> Your instructions
Strip out the pictures and output each remaining line of the data word for word.

> Information provided
------------
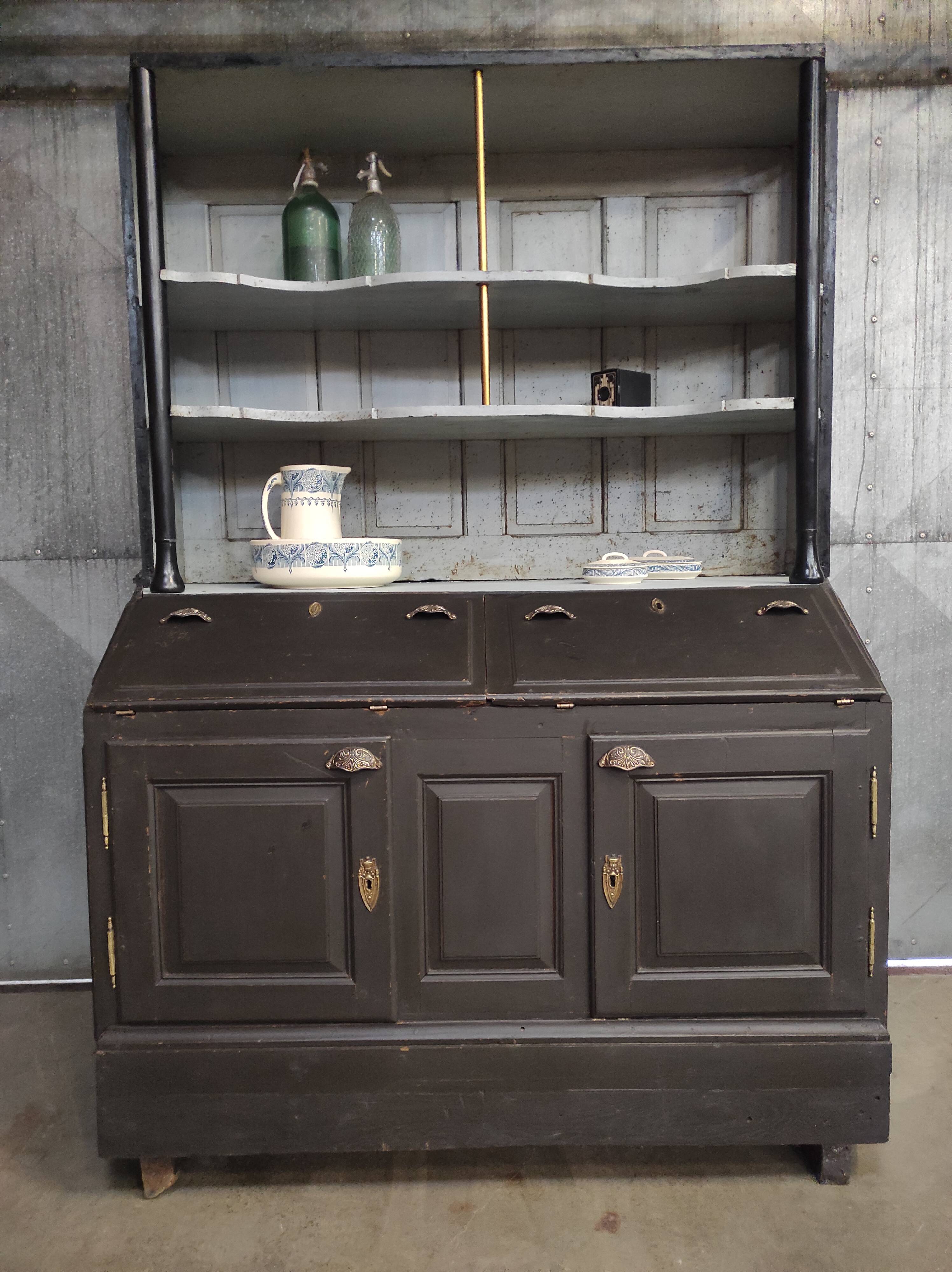 Buffet gris 1910 | Garde-manger ancien aux accents dorés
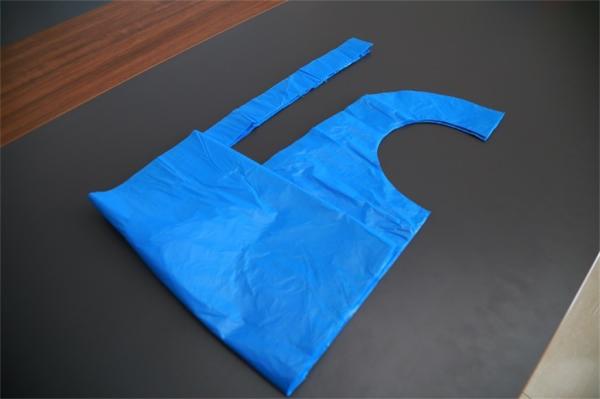 HDPE / LDPE Disposable Plastic Aprons , Flat Packed Disposable Craft Aprons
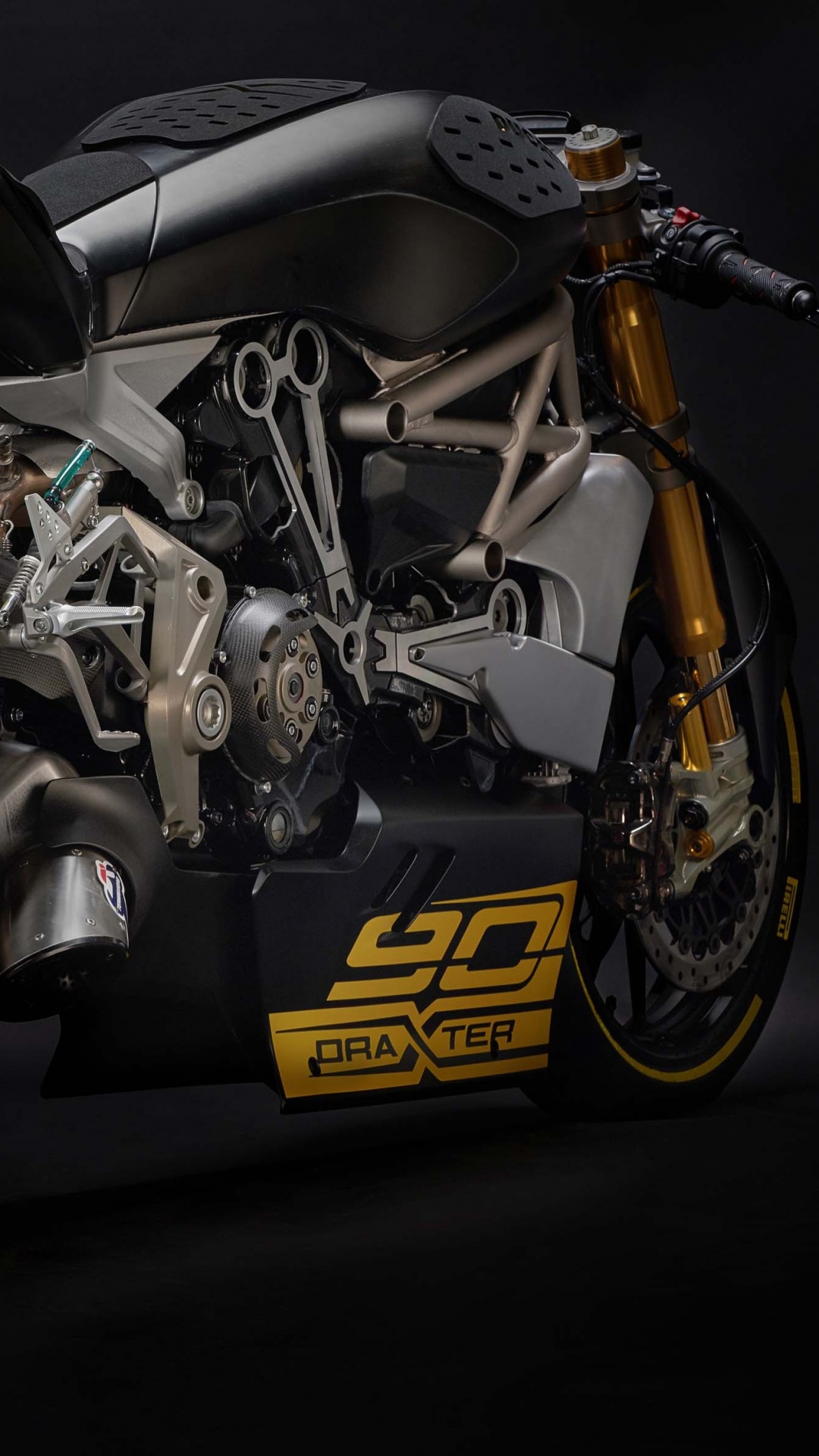 Обои шина, ducati, мотоцикл, крейсер, авто в разрешении 1080x1920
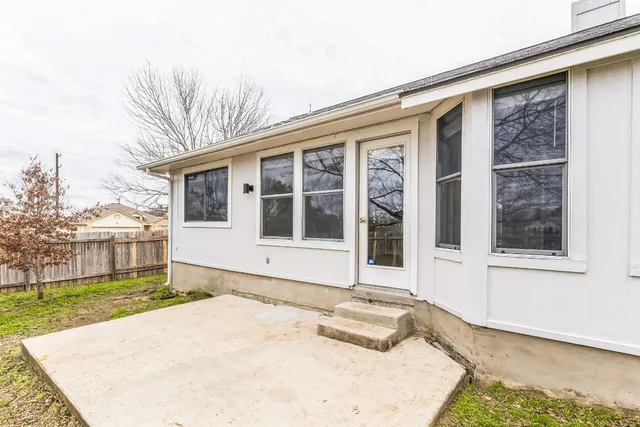 a view of a house with a backyard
------------
> Exercise response
 Buffet gris 1910 | Garde-manger ancien aux accents dorés
 HDPE / LDPE Disposable Plastic Aprons , Flat Packed Disposable Craft Aprons
 Обои шина, ducati, мотоцикл, крейсер, авто в разрешении 1080x1920
 a view of a house with a backyard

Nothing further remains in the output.